Selon un récit populaire apparu après la fin de la Seconde Guerre mondiale, en tant que Premier ministre du royaume d'Italie, Mussolini aurait visité la Sicile en mai 1924 et passa par Piana dei Greci, où il fut reçu par le maire et chef de la mafia Francesco Cuccia (en). À un moment donné, Cuccia a exprimé sa surprise devant l’escorte de la police de Mussolini et aurait murmuré à son oreille : « Tu es avec moi, tu es sous ma protection. Pourquoi as-tu besoin de tous ces flics? » Après que Mussolini eut rejeté l'offre de protection de Cuccia, celui-ci se vexa, ordonna aux habitants de la ville de ne pas assister au discours de Mussolini qui n’apprécia pas la chose[1],[2]. Ce fait est le catalyseur de la guerre de Mussolini contre la mafia.

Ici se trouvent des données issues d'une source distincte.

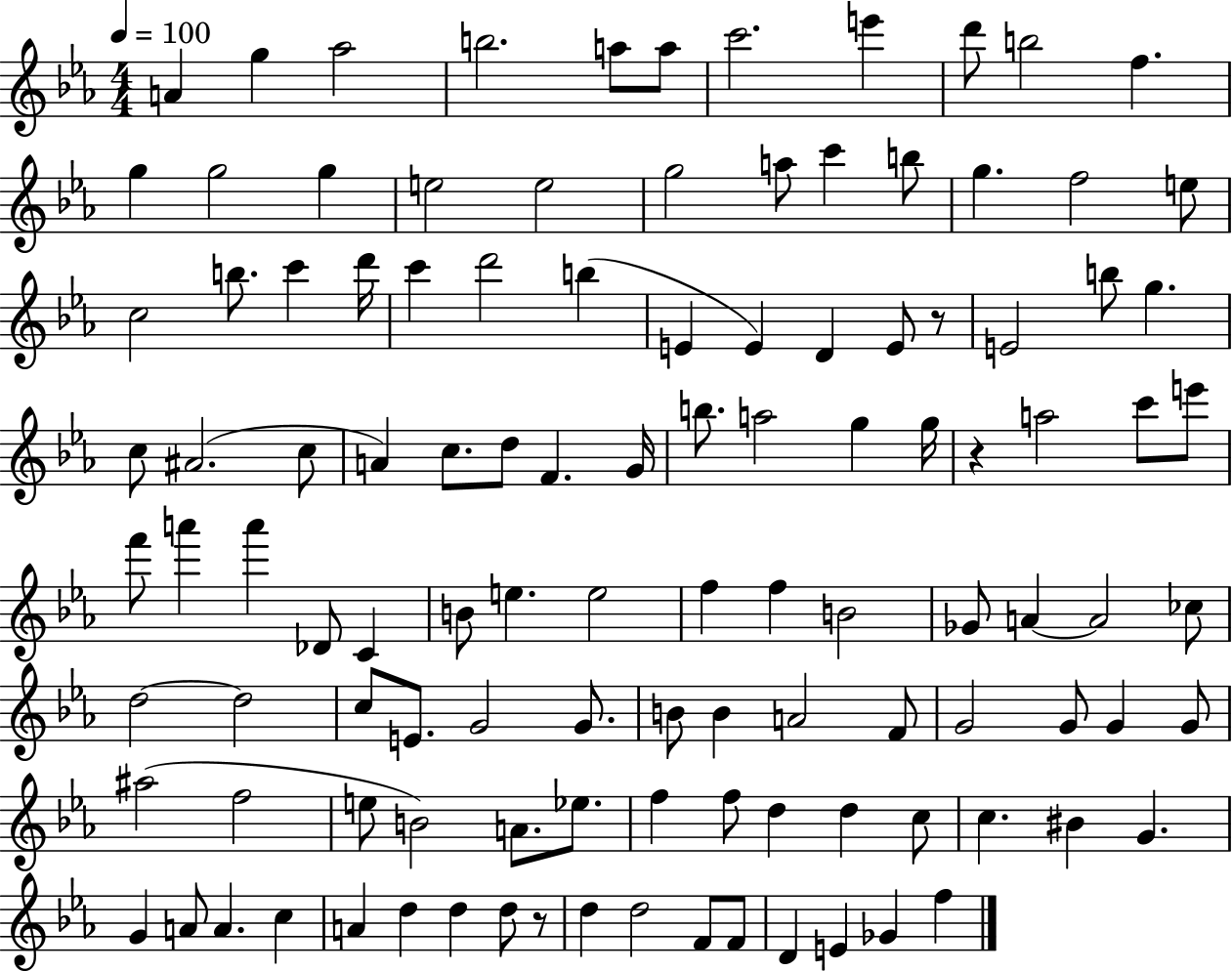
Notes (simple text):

A4/q G5/q Ab5/h B5/h. A5/e A5/e C6/h. E6/q D6/e B5/h F5/q. G5/q G5/h G5/q E5/h E5/h G5/h A5/e C6/q B5/e G5/q. F5/h E5/e C5/h B5/e. C6/q D6/s C6/q D6/h B5/q E4/q E4/q D4/q E4/e R/e E4/h B5/e G5/q. C5/e A#4/h. C5/e A4/q C5/e. D5/e F4/q. G4/s B5/e. A5/h G5/q G5/s R/q A5/h C6/e E6/e F6/e A6/q A6/q Db4/e C4/q B4/e E5/q. E5/h F5/q F5/q B4/h Gb4/e A4/q A4/h CES5/e D5/h D5/h C5/e E4/e. G4/h G4/e. B4/e B4/q A4/h F4/e G4/h G4/e G4/q G4/e A#5/h F5/h E5/e B4/h A4/e. Eb5/e. F5/q F5/e D5/q D5/q C5/e C5/q. BIS4/q G4/q. G4/q A4/e A4/q. C5/q A4/q D5/q D5/q D5/e R/e D5/q D5/h F4/e F4/e D4/q E4/q Gb4/q F5/q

Le ministre de l'Intérieur de Mussolini, Luigi Federzoni, a rappelé Mori au service actif et l'a nommé préfet de Trapani. Mori est arrivé à Trapani en juin 1924 et y est resté jusqu'au , date à laquelle Mussolini l'a nommé préfet de Palerme. Mussolini a octroyé à Mori des pouvoirs spéciaux pour éradiquer la mafia par tous les moyens possibles. Dans un télégramme, Mussolini a écrit à Mori :
« Votre Excellence a carte blanche, l'autorité de l'État doit absolument, je le répète absolument, être rétablie en Sicile. Si les lois toujours en vigueur vous entravent, ce ne sera pas un problème, car nous en rédigerons de nouvelles. »
— Petacco, L'uomo della provvidenza, p. 190.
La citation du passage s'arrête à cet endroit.